Am 1. April 2000 meldete sich die Klägerin erneut nach erneuter arbeitgeberseitiger Kündigung arbeitslos und beantragte die Gewährung von Alg. Zu dem Leistungsantrag reichte die Klägerin ergänzend einen „Feststellungsbogen zur versicherungsrechtlichen Beurteilung von Beschäftigungen beim Ehegatten“ ein.

Diesen Antrag lehnte die Beklagte ebenfalls ab (Bescheid vom 5. Juni 2000, Widerspruchsbescheid vom 9. November 2000). Zur Begründung führte sie im Wesentlichen aus, es fehle an der erforderlichen Anwartschaftszeit, da die Mitarbeit im Geschäft ihres Ehemannes nicht im Rahmen eines die Beitragspflicht begründenden Beschäftigungsverhältnisses bzw. Versicherungspflichtverhältnisses, sondern als familienhafte Mithilfe erfolgt sei; sie habe weisungsfrei und eigenverantwortlich arbeiten können.

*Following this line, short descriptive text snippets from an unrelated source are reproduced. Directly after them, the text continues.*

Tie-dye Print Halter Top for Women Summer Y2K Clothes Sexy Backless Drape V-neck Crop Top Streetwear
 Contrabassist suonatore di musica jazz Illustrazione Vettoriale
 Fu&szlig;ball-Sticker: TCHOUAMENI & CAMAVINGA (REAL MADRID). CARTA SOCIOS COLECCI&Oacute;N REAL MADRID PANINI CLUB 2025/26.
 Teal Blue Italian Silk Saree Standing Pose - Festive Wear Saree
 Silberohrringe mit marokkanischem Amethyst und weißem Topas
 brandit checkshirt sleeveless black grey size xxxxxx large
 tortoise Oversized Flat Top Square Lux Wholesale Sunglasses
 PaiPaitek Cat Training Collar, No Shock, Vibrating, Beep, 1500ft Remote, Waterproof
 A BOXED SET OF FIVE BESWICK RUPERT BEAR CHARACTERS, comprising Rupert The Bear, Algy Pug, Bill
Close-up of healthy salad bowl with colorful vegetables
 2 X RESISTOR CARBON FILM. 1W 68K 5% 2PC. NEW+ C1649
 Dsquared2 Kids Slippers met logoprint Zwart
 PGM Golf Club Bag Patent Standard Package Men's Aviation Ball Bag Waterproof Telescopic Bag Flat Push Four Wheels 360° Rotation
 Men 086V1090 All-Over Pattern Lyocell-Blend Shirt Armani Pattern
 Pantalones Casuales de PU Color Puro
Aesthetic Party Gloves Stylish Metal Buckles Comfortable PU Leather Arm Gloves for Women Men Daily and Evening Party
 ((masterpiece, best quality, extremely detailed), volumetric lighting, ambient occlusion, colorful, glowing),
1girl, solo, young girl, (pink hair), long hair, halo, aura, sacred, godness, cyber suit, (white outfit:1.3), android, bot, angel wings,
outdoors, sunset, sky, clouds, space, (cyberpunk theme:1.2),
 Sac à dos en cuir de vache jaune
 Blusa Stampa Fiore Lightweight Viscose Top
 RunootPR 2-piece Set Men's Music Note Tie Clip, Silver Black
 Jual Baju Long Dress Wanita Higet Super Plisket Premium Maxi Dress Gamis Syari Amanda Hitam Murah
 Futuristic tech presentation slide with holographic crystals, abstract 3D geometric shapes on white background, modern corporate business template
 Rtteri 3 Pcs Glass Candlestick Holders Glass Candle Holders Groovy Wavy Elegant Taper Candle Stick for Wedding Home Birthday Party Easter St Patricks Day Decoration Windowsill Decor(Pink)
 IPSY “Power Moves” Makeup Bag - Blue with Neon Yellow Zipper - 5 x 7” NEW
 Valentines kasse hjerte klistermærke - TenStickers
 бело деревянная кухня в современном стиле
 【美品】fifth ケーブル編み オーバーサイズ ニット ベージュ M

Hiergegen hat sich die Klägerin mit ihrer zum Sozialgericht (SG) Berlin erhobenen Klage gewandt und weiterhin geltend gemacht, mit der ab 1. August 1997 ausgeübten Beschäftigung bei ihrem Ehemann habe sie die Anwartschaftszeit und damit die Voraussetzungen für einen Anspruch auf Alg erfüllt. Sie habe regelmäßig vormittags im Geschäft ihres Ehemannes als Verkäuferin gearbeitet, wie auch eine Vielzahl von Kunden auf der eingereichten Liste bestätigt hätten.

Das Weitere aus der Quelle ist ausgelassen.